If the media refuse not to report on pre-review prints, it is quite within the keeping of the described MO (“For that reason Berkeley Earth has tried to answer the questions given to us by the media, in hopes that our work will be more accurately reported. The two page summary of findings is also meant to help ensure that the media reports accurately reflect the content of our papers.”) to make a press release prior to the pre-review copy being circulated.
So I think that sober analysis of your calling BS on that, is that you could be mistaken.
Wombat,
Doesn’t it raise even tiny little questions in your mind to discover that Dr Muller’s side business will financially cash in from his so-called “sober analysis”?
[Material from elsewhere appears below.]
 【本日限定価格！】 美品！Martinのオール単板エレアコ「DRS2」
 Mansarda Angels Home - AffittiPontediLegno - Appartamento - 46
It’s not like Muller has displayed any professional ethics to date.
Your vituperative backlash continues. A far cry from “I’ll accept whatever result they produce”.
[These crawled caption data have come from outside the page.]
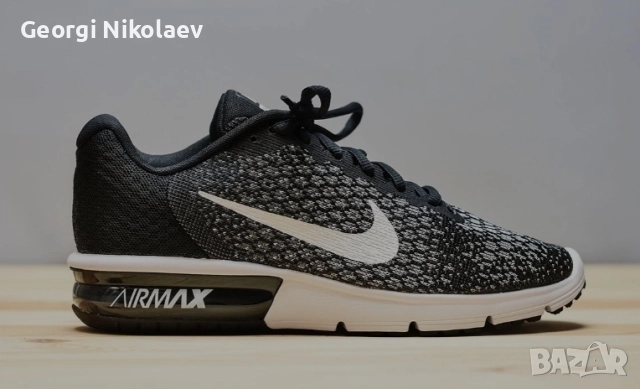 Nike air max Sequent 2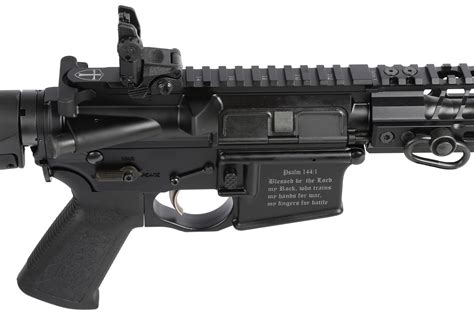 Spike S Tactical Crusader Rifle 5 56 Pinned Dynacomp 14 5 STR5525 M2D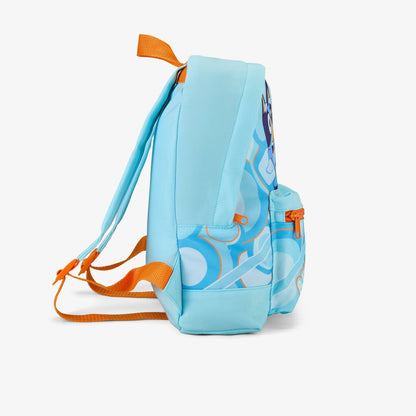 Clarks Best Seller / Bluey Circle Set Light Blue Combination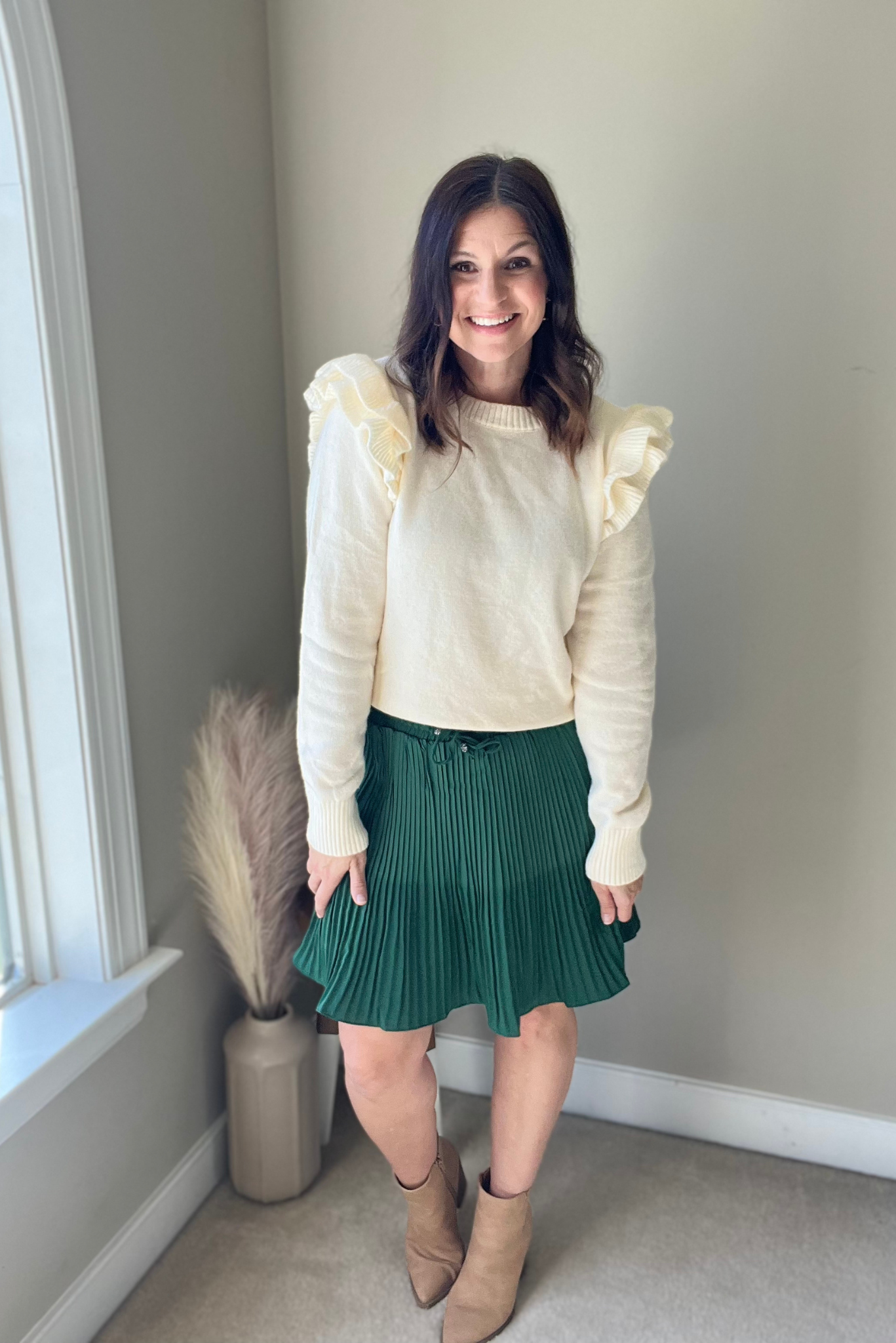 Snow Sweater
REPLY: So, BEST is allowed to change the rules, play games, skirt convention, trash process, and post fabricated blame, but I have to adhere to what I said when they put on the air of false professionlism for me in March?
Yes, I was duped, I trusted them. How’s the weather in Chile? -Anthony
I agree. They should have taken inspiration from your own oh-so-coy-and-quiet behaviour in the couple of years before you actually published your own paper.
( 🙂 )
REPLY: The difference was that I had to advertise here to get the project done, I had to solicit volunteers and show progress. They got hugely funded. – Anthony
Individuals who lie are liars.
I thought the next FAQ was just as noteworthy:
“Is it time now to end global warming skepticism?
Our study addressed only one area of the concerns: was the temperature rise on land improperly affected by the four key biases (station quality, homogenization, urban heat island, and station selection)? The answer turned out to be no – but they were questions worthy of investigation. Berkeley Earth has not addressed issues of the tree ring and proxy data, climate model accuracy, or human attribution…”
I don’t see the scandal here. Knowing they couldn’t get the kind of preprint release that would be best for the scientific process, they decided to manipulate the release to the press to achieve the best effect they thought they could reasonably get. I may have missed something, but I don’t see anything wrong with that or contradictory with the FAQ. On the other hand, it does appear that they did try to “hide the decline” in the rate of temperature increase over the last decade.
Somebody please hand stevo and toto a hanky. They don’t like that Dr Muller is exposed for what he is: a self-serving guy whose side company gets payola according to the alarmism they promote.
“Latitude says: October 30, 2011 at 5:27 pm
it leaves you with only two choices….
A top climate scientist is stupid
A top climate scientist is crooked”
Which top climate scientist?
I understand Muller’s pants caught on fire just now.
Joe Romm at ThinkProgress already responded to the Curry analysis. I bet you can guess the kinds of things ol’ Joe had to say. LOL.
It does seem the arguments FOR global warming are getting narrower and narrower as they lose focus and reality contradicts the so-called “studies.”